- ENTRIES SHOWN -

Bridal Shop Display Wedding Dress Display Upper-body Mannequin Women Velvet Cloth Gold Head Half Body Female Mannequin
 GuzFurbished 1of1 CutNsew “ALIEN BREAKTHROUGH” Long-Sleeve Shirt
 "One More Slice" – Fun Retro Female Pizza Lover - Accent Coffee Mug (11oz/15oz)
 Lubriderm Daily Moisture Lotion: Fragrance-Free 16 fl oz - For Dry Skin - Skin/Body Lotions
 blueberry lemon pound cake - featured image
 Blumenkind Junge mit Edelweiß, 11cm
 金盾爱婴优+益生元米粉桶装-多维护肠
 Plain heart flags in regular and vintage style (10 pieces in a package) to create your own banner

==

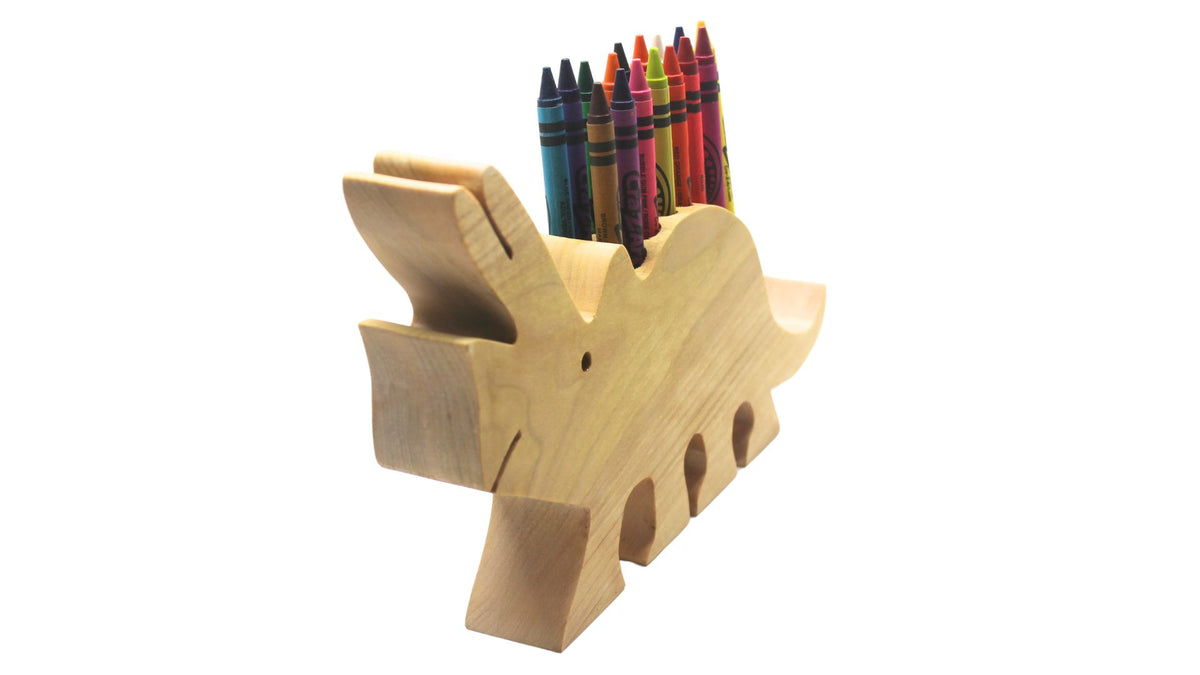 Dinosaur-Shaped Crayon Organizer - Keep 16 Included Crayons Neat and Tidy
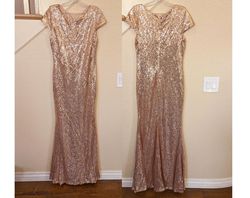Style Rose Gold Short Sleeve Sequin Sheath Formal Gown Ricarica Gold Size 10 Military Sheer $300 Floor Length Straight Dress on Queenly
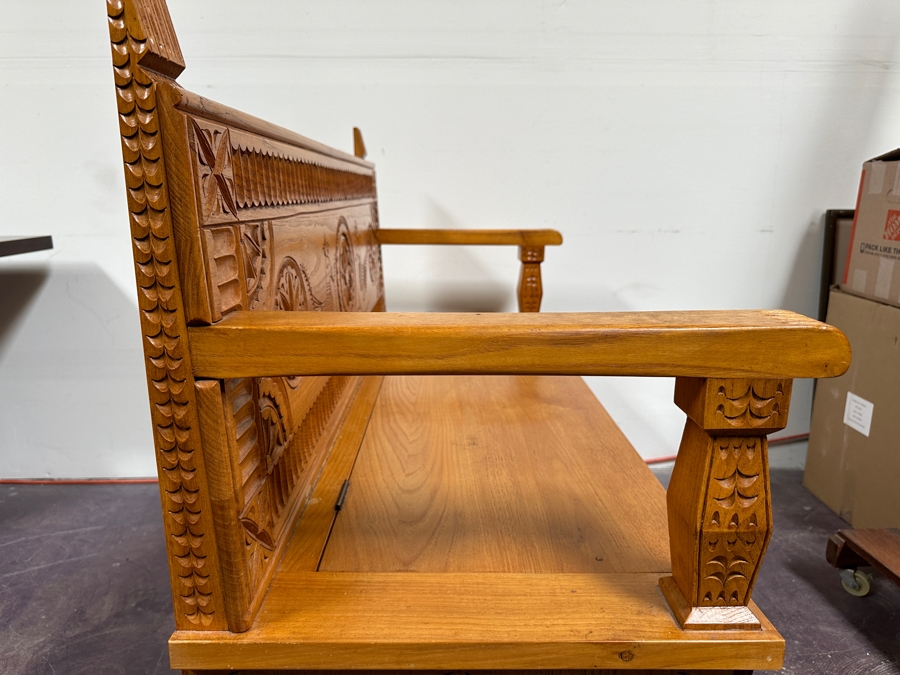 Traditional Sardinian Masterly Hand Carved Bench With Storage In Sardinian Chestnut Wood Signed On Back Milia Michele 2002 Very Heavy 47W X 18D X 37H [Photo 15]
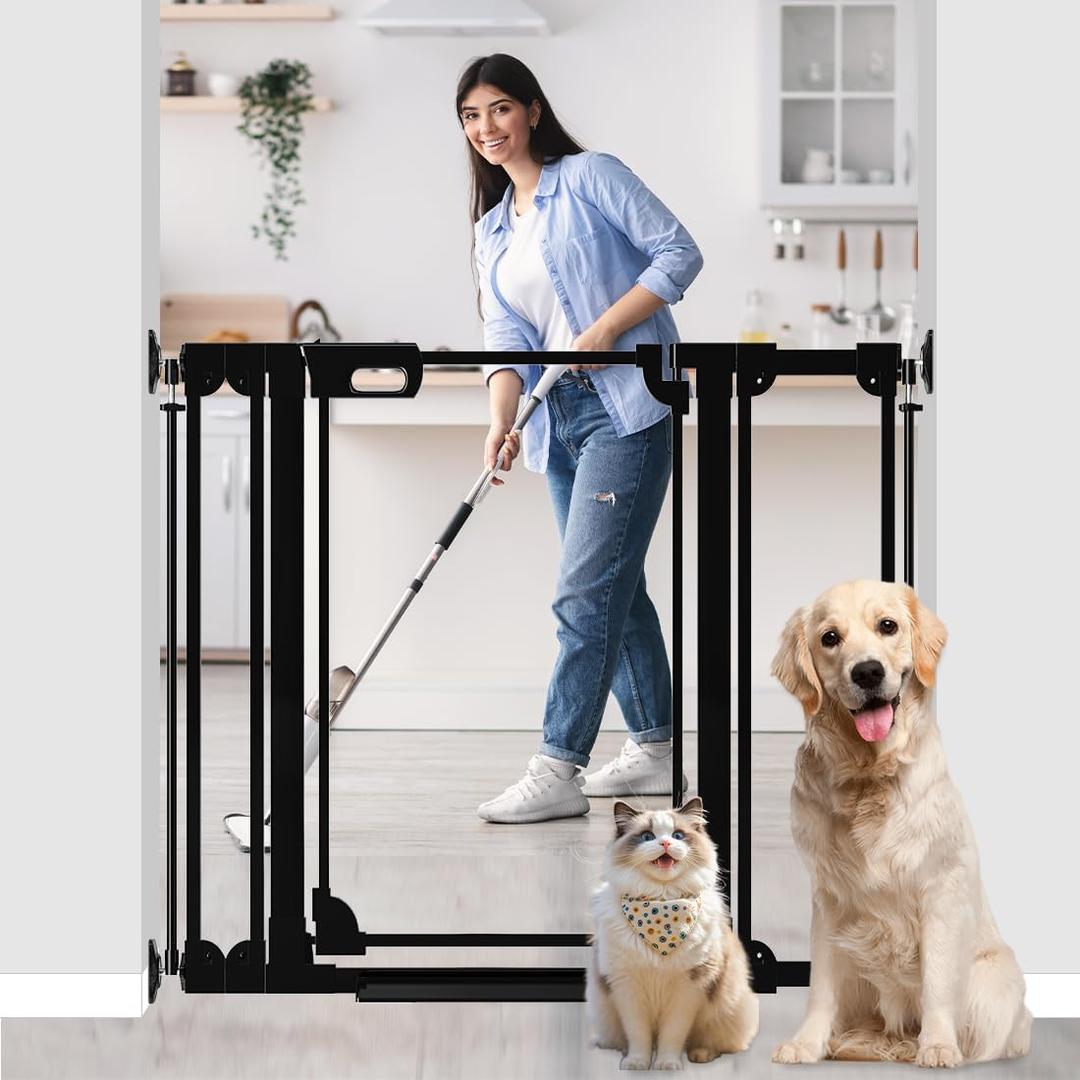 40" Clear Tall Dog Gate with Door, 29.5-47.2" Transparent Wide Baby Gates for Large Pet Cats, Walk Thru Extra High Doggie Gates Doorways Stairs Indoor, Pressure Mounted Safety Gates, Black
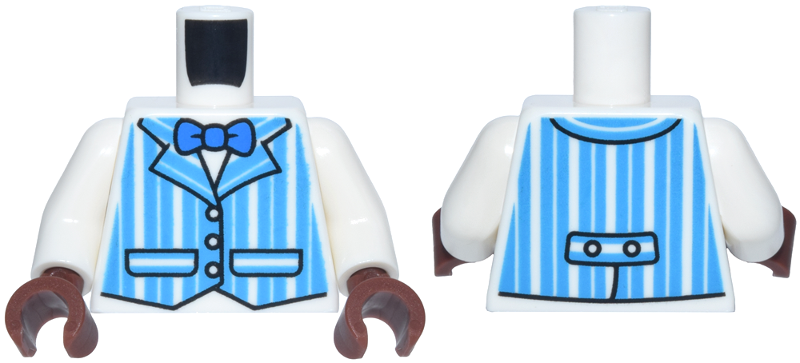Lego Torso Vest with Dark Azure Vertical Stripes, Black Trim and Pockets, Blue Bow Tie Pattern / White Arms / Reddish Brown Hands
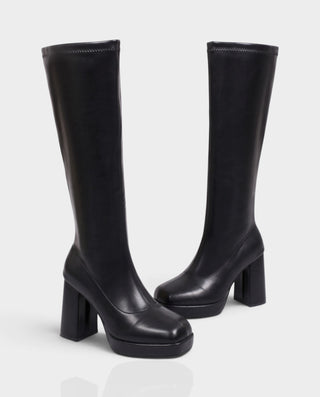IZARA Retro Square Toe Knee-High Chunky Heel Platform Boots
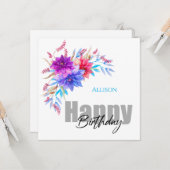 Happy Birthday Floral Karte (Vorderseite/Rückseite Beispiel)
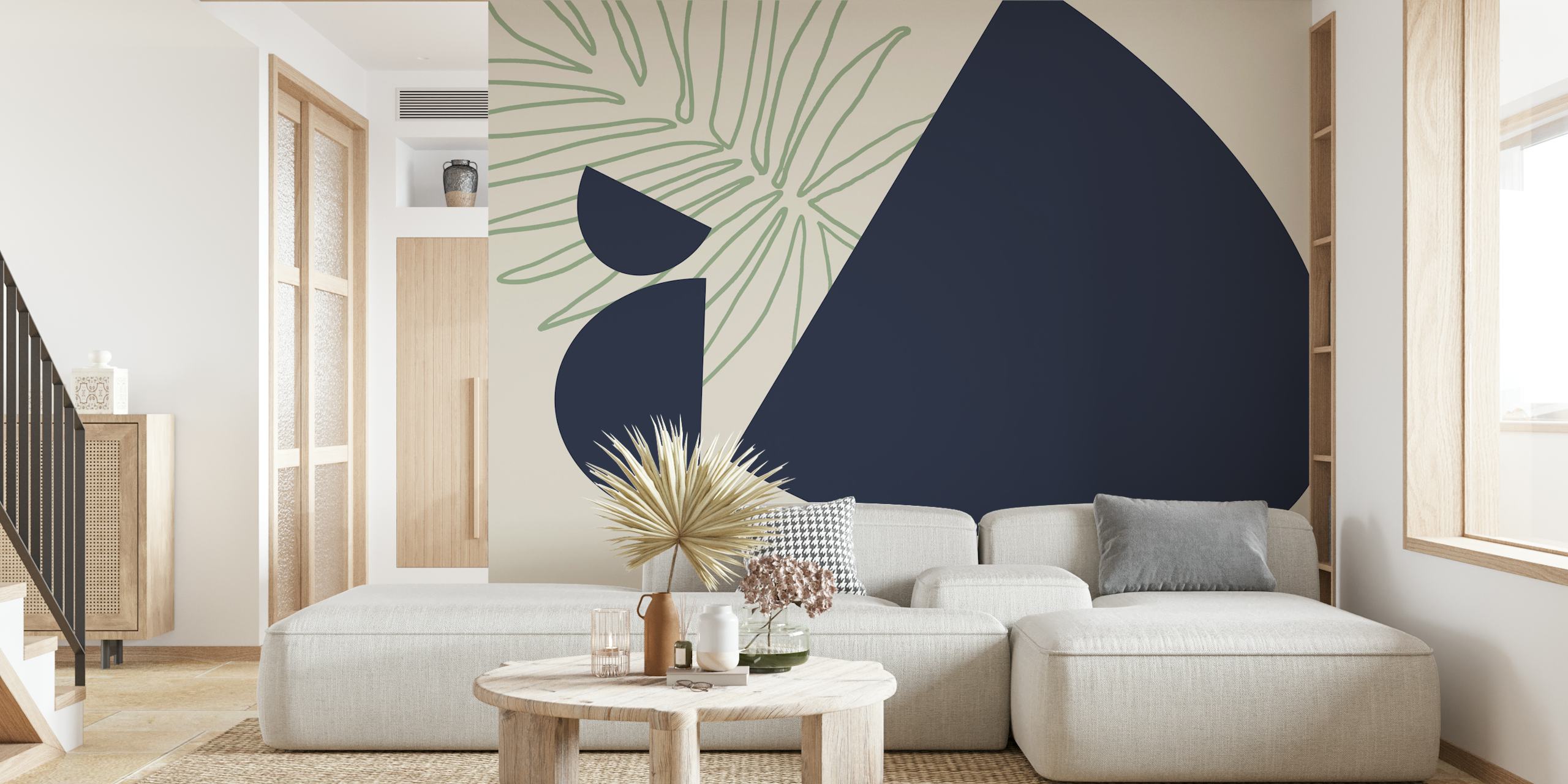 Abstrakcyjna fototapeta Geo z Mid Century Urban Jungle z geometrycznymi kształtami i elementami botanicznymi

...

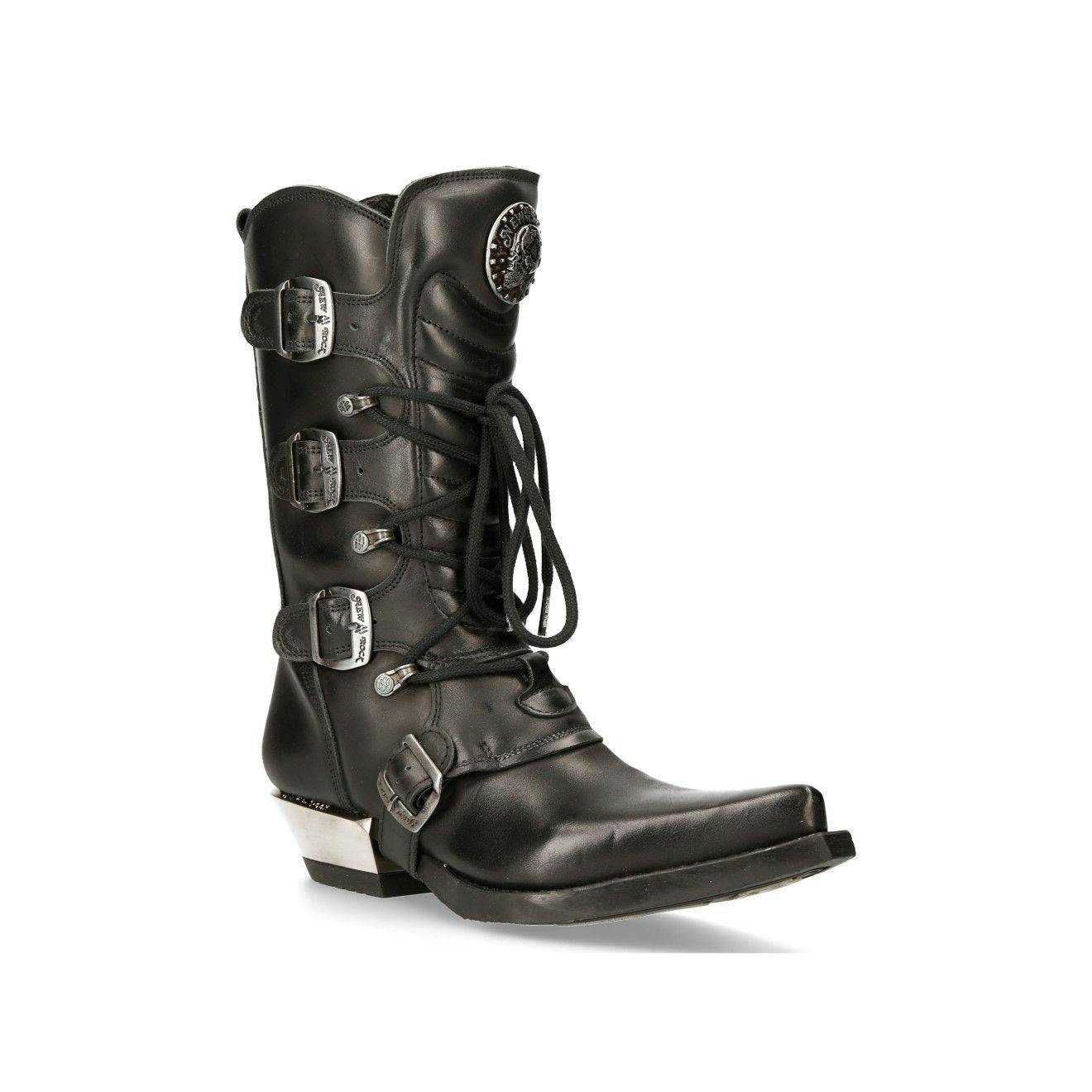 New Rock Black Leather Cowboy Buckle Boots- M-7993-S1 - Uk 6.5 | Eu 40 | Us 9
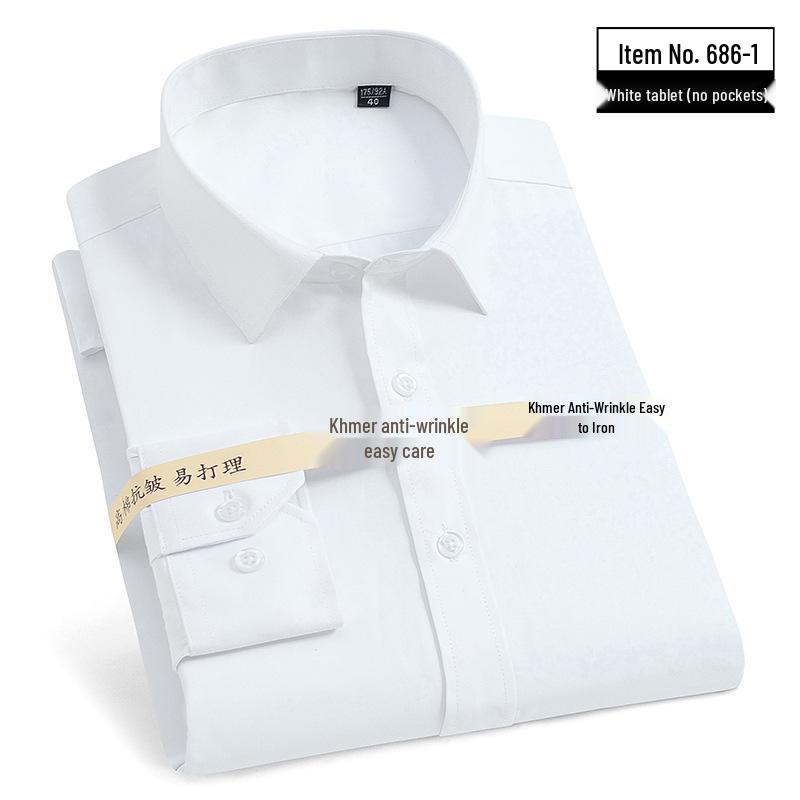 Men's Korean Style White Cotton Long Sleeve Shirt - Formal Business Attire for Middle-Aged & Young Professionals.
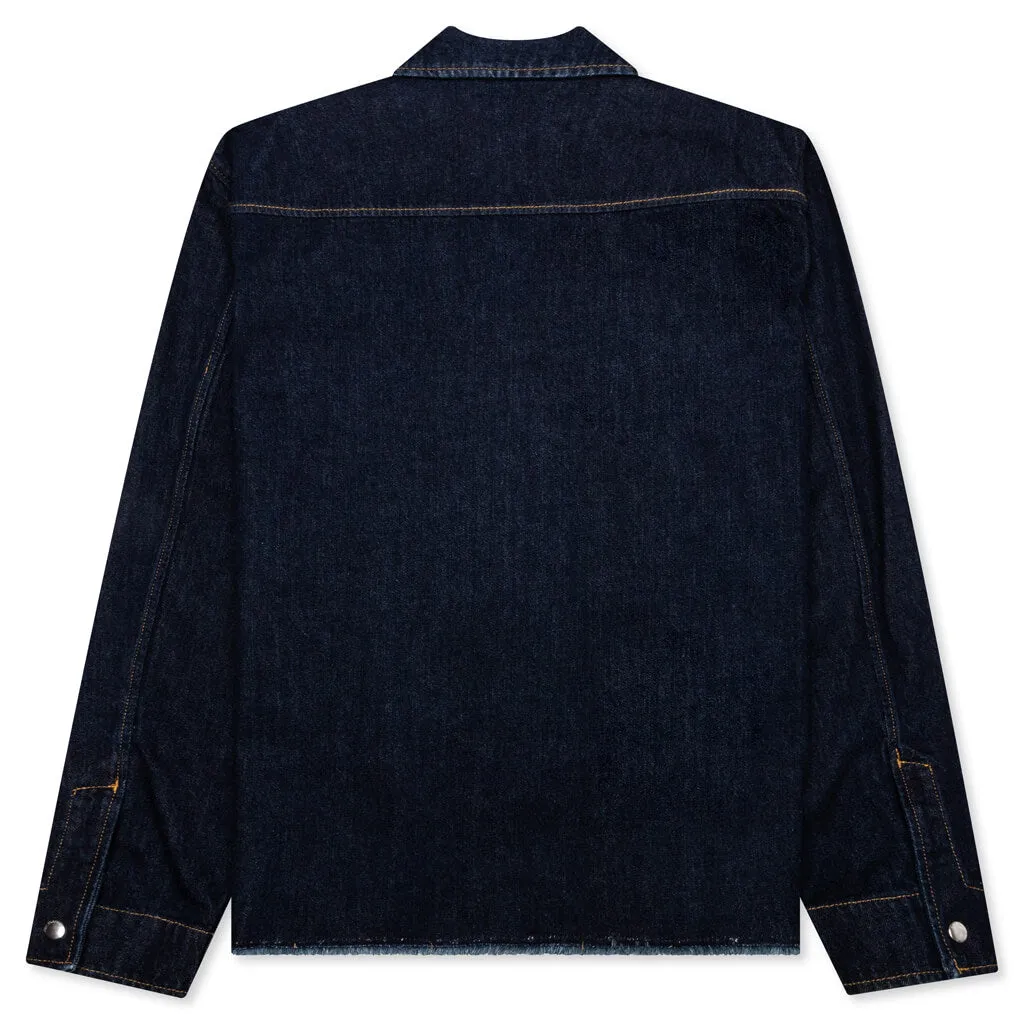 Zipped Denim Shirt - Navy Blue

- TASK BRIEF -
In the data above, start at the line holding "IZARA Retro Square" and stop after the line holding "Abstrakcyjna fototapeta Geo"; write out those lines exactly, without pictures.

- ANSWER FOR THE TASK -
IZARA Retro Square Toe Knee-High Chunky Heel Platform Boots
 Happy Birthday Floral Karte (Vorderseite/Rückseite Beispiel)
 Abstrakcyjna fototapeta Geo z Mid Century Urban Jungle z geometrycznymi kształtami i elementami botanicznymi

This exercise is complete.